Halloween…or All Hallows Eve, the night before All Saints Day (for those of you who aren’t liturgical nerds like me) reminds us that the line between life and death, this world and the next is fragile. The season of life and produce is over, the fields are about to rest and lay barren for a few months – in most of America and Europe – I live in Virginia where it’s still 80 degrees outside.

This week I watched a wonderful PBS American Masters series documentary on Edgar Allen Poe and how the constant illness and death that surrounded the average American in the 1820s and 30s shaped him and his writing. His poems and short stories about mysterious beings, death, decay and the human impulse to cover it all up – unsuccessfully – always resonated with me. When I wrote my novel, Click, I was definitely influence by Poe and other Gothic writers who were, as I am, fascinated by death through the prism of how it changes those left behind. Murder and death, illness and loss are not literary or even spectacular, they are every day facts of life. The art and poetry comes from how those events change the trajectories of the living who are left behind.

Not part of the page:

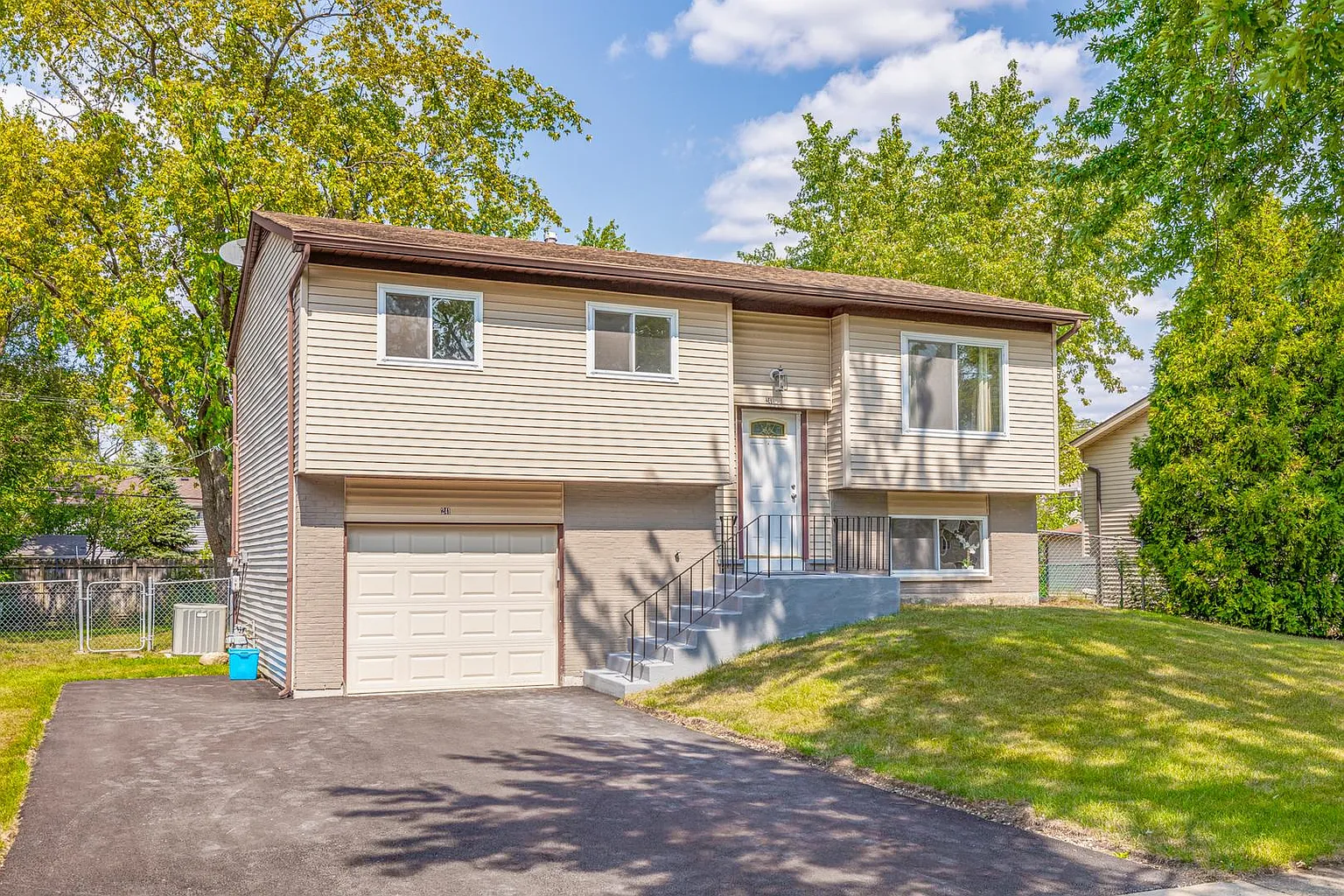 241 Meadowbrook Dr photo 1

How does this have anything to do with thriving? Everything. Even though modern life, science and technology has allowed us to live with the illusion that death is far away and not necessarily inevitable, it is and it affects our basic impulses. Be honest, you would not be reading Thrive Global and other websites, listening to podcasts and trying every supplement, healthy living suggestion and latest diet trend if you were not trying to outrun the clock of mortality.

But sitting with it, once a year at Halloween/All Saints Day, or at the funeral of a loved one, or a random Tuesday when a tragedy hits the news, gives our brains and souls space to process, to peer over the edge “deep into that darkness peering, long I stood there, wondering, fearing, doubting, dreaming…” to quote Mr. Poe from The Raven.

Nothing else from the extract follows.